Dynamic Definitions of Poverty

The division of the population into two groups, the ‘poor’ and ‘not poor’, is obviously an over-simplification which takes no account of the length of time spent living in poverty. Research in Europe and America, using crude income-based poverty lines, has shown that, although at any one time a large number of households may experience low incomes, for many this experience might be for only a relatively brief period. The Breadline Britain in the 1990’s survey found that, although 20% of households were poor, only 4% of respondents had been poor in the past ‘most of the time’. Although poverty in Britain is widespread, virtually nobody in Britain lives continuously in poverty for very long periods of time. The welfare state may not prevent households from slipping into poverty but often it does appear to be successful at preventing them falling so far that they cannot escape from poverty at a later date.


Studies on income dynamics led Duncan et al (1993) to suggest that:


the static dichotomy of poor Vs not poor is very misleading and needs to be replaced by at least four dynamic categories of economic position - persistent poverty, transition poverty, the economically vulnerable and the financially secure.


We intend to attempt to try to estimate the size of these groups in the new study, as accurately as possible given the cross-sectional survey design. This may be possible if a cross-sectional analysis like the one described above is combined with the answers to a question on the history of poverty, such as the modified Question 17 asked in the 1990 survey.



Q17 Looking back over your life, how often have there been times in your life when you think you have lived in poverty by the standards of that time?


Never

53

Rarely

15

Occasionally

19

Often

8

Most of the time

4

Don't know

1



In addition, a new question will be asked:


Is there anything that has happened recently in your life or is likely to happen in the near future which will affect your standard of living or income?


Yes, reduce my standard of living

Yes, increase my standard of living

Yes, increase my income

Yes, reduce my income

No

Don’t know



These 'history of poverty' questions will help to identify Duncan et al’s four 'dynamic' poverty groups:


The persistent poor.

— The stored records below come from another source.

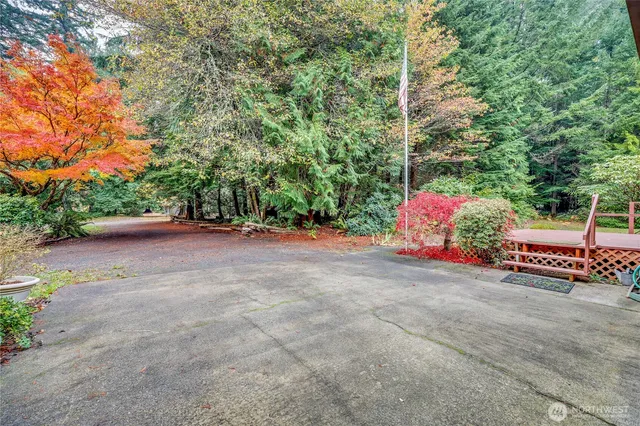 $799,500 | 4005 Northeast Kedros Drive, Poulsbo, WA 98370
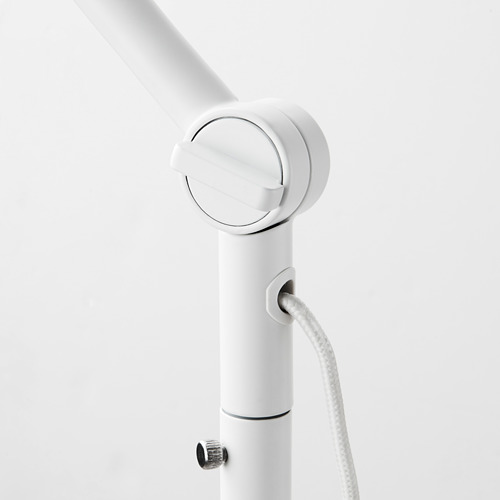 Primer plano de la elegante junta de la lámpara, elegante acabado blanco, diseño ajustable, estética moderna.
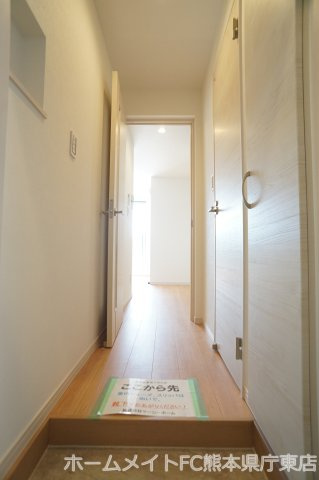 熊本市中央区黒髪１丁目のアパートの玄関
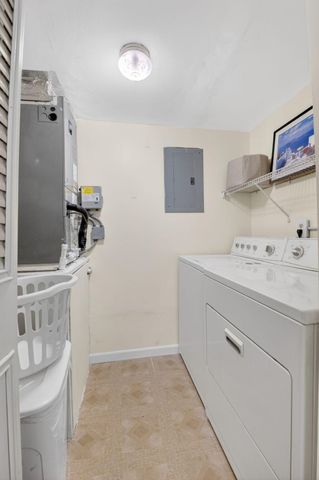 409 Pine Glen Lane C-1, Greenacres, FL 33463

Those households currently poor and that have been poor in the past ‘most of the time’ and/or ‘often’.


Transition poverty. Those currently poor but who have only been poor in the past ‘rarely’ or ‘occasionally’.

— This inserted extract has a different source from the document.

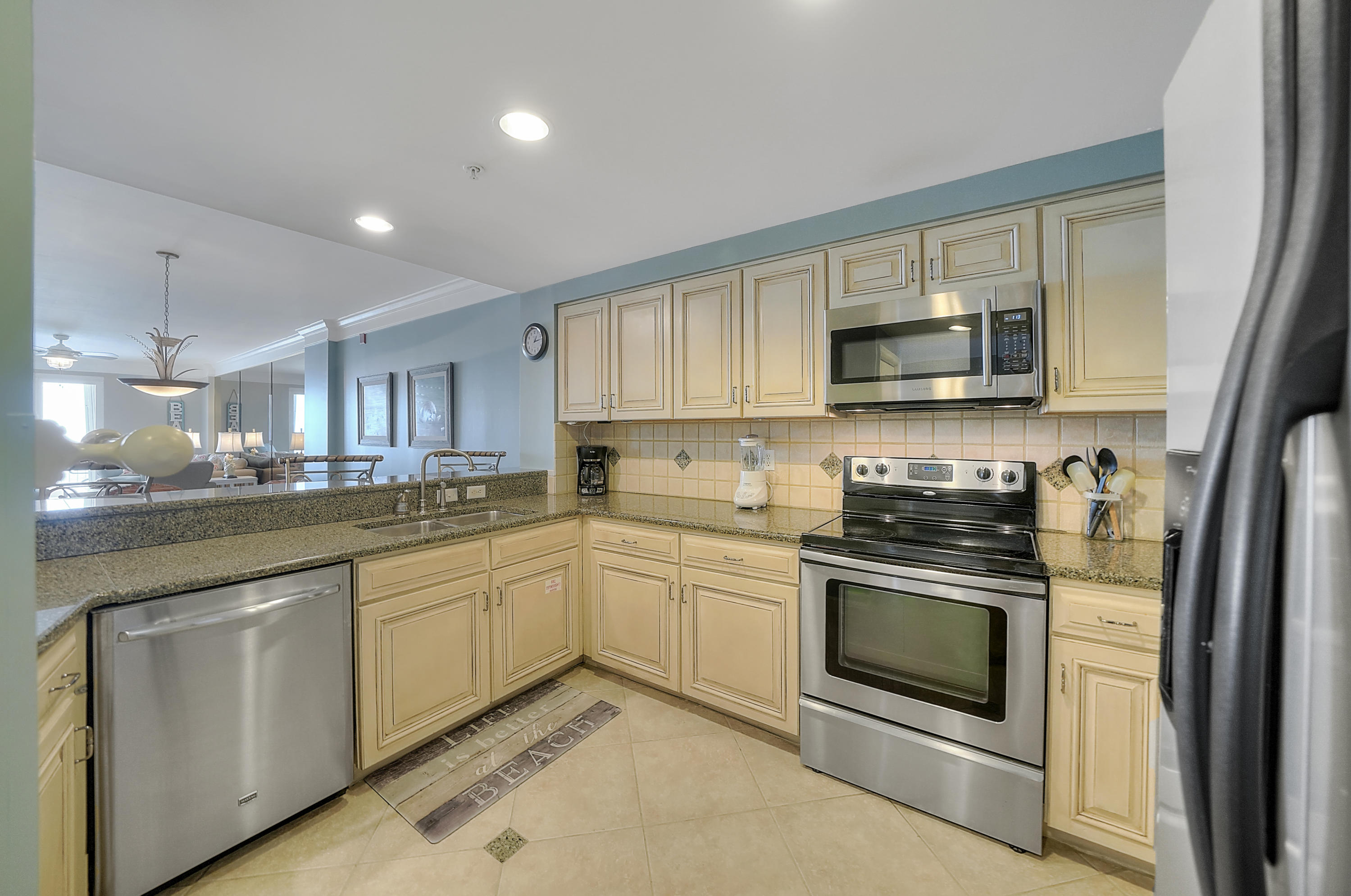 INN AT CRYSTAL BEACH (SUMMERCHASE CONDO) - Residential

The economically vulnerable. Those currently not poor but who have been poor in the past ‘occasionally’, ‘often’ or ‘most of the time’. We could also include those with a low income and a high standard of living and those with a low standard of living but a high income (see previous discussion) in this group.


The financially secure. Those households not currently poor and that have never been poor in the past.



The ‘Subjective’ Poverty Line/Threshold


This can be derived from the answers to the Minimum Income Questions (MIQ). It can be either the average amount given in answer to this question or the amount of income of those in ‘budgetary balance’, using either the SPL or CSP methods (see Townsend et al, 1997 for discussion).



'Absolute' and 'Overall' Poverty


We began from the basis of the MORI questions asked by Townsend et al (1997) which have subsequently been modified based on the results from the focus group research (see Chapter 8).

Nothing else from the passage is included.